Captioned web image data
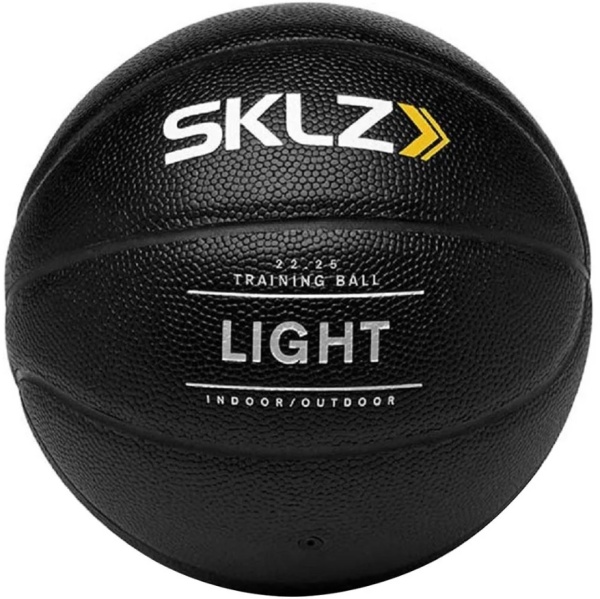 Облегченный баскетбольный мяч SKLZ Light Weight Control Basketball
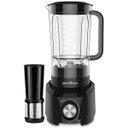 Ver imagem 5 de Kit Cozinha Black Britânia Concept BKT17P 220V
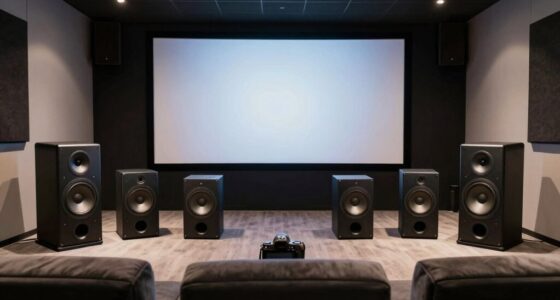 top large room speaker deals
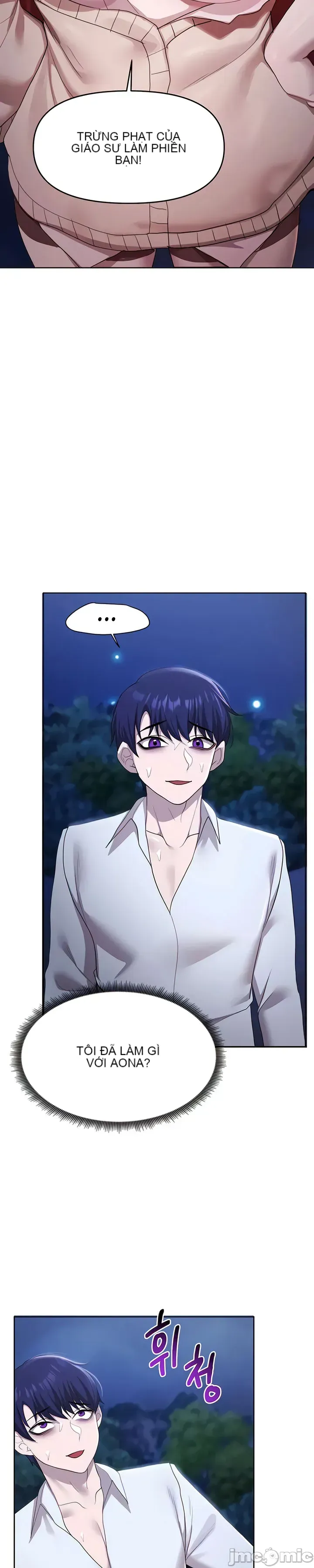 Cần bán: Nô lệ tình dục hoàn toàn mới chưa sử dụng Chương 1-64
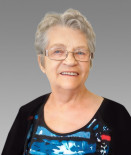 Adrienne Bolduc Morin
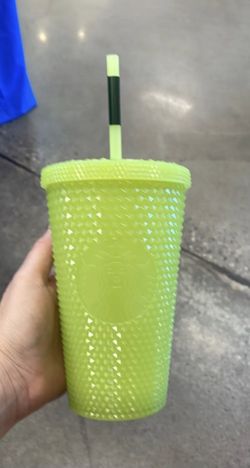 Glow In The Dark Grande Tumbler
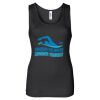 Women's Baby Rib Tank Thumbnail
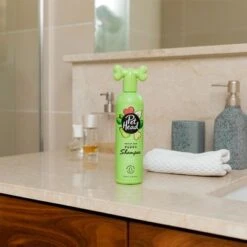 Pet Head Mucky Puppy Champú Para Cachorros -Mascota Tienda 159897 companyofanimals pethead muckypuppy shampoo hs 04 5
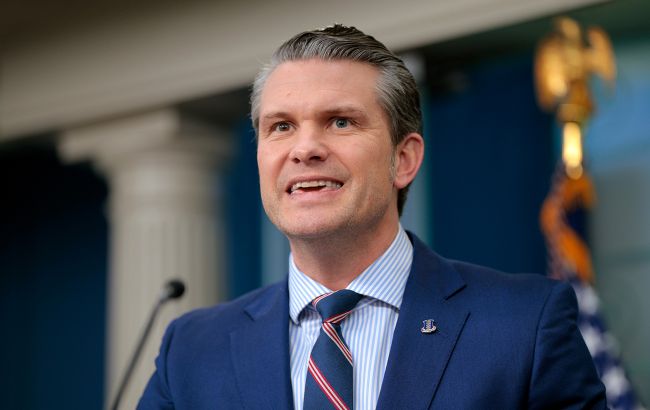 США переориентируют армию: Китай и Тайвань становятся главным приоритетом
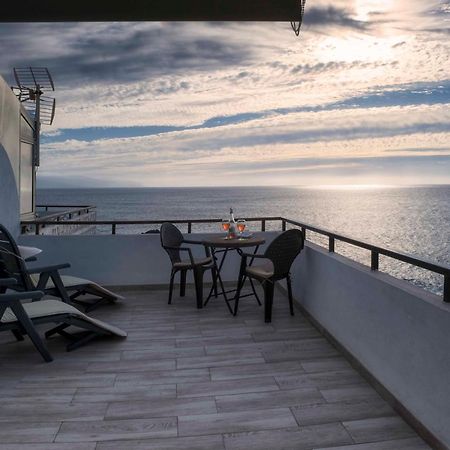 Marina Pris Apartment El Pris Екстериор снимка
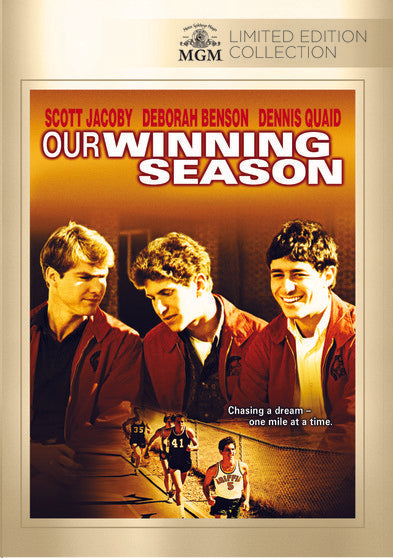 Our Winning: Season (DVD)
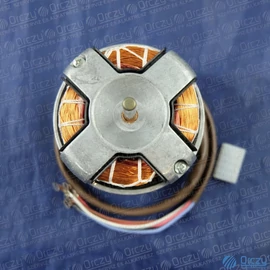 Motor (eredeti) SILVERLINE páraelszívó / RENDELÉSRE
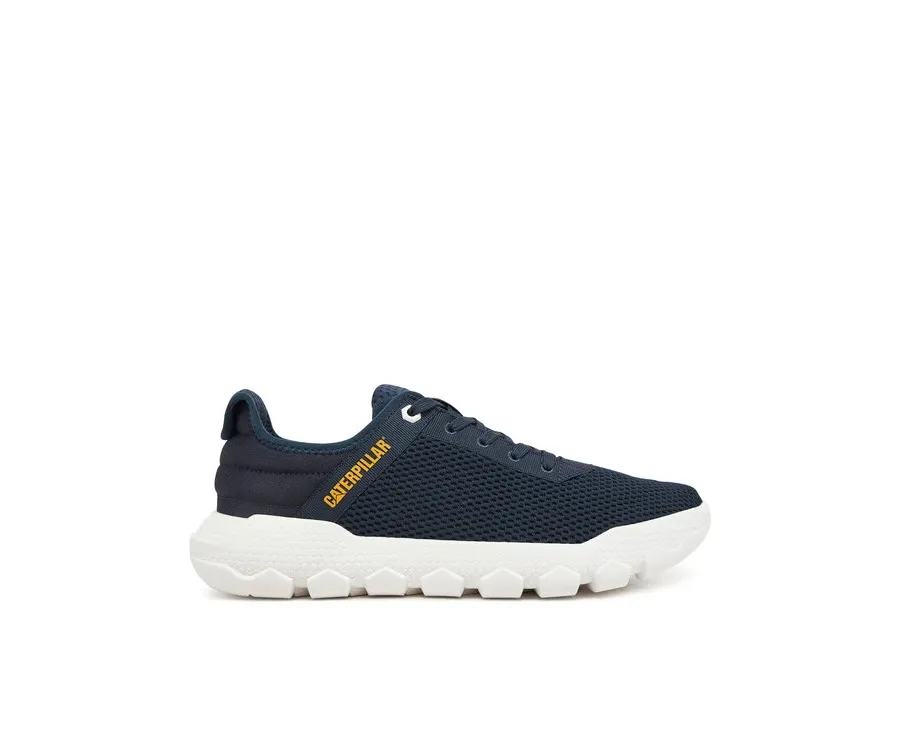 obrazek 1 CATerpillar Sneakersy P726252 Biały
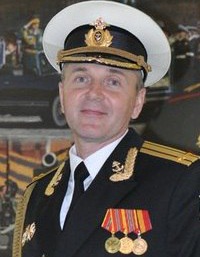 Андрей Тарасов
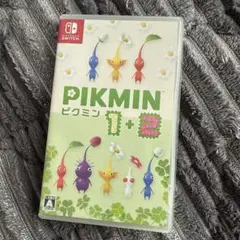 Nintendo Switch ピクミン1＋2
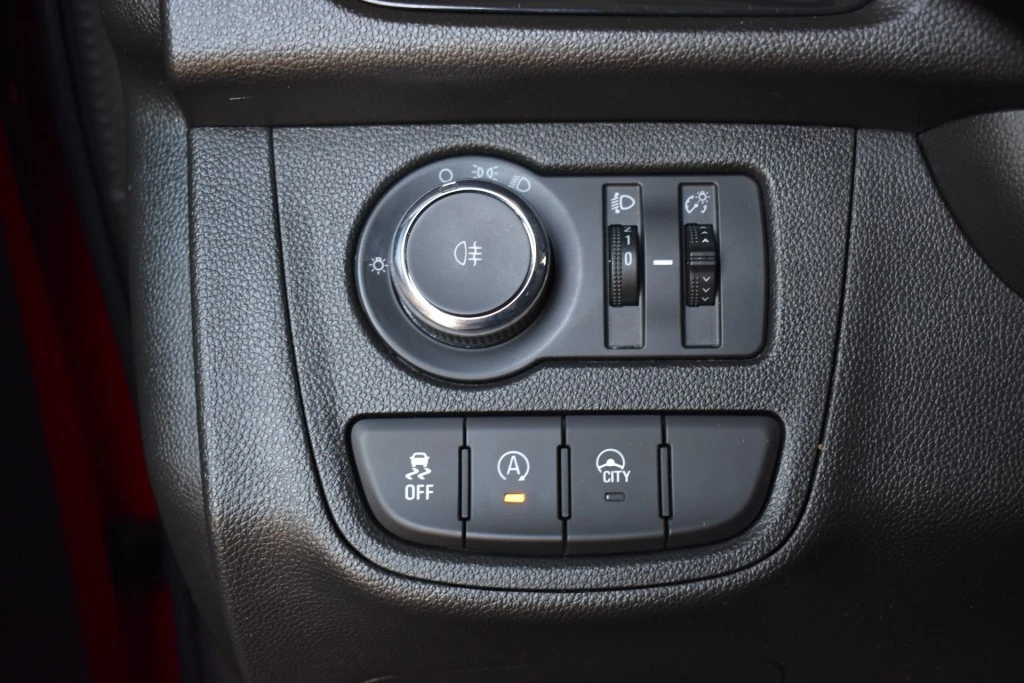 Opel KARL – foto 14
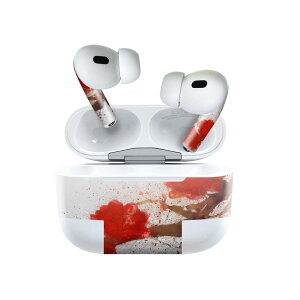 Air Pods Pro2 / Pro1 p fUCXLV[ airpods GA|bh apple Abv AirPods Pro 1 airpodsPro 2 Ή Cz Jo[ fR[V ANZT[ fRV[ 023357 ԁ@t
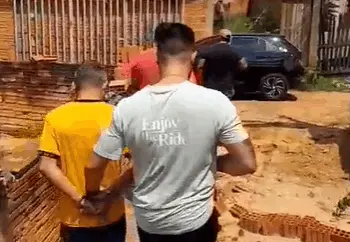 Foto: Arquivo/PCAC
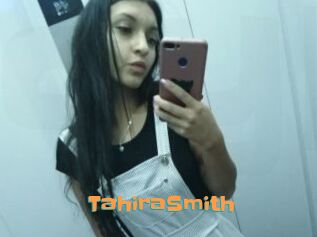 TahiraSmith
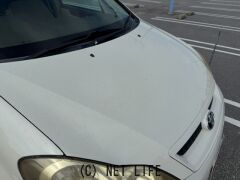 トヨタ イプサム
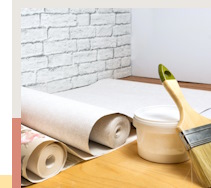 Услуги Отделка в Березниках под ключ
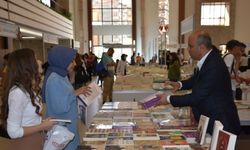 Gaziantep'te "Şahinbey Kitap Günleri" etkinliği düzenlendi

What is required →
Give back exactly the lines from the one with "Opel KARL – foto 14" through the end of the records above, inclusive, and omit any pictures.

Solution below →
 Opel KARL – foto 14
 Air Pods Pro2 / Pro1 p fUCXLV[ airpods GA|bh apple Abv AirPods Pro 1 airpodsPro 2 Ή Cz Jo[ fR[V ANZT[ fRV[ 023357 ԁ@t
 Foto: Arquivo/PCAC
 TahiraSmith
 トヨタ イプサム
 Услуги Отделка в Березниках под ключ
 Gaziantep'te "Şahinbey Kitap Günleri" etkinliği düzenlendi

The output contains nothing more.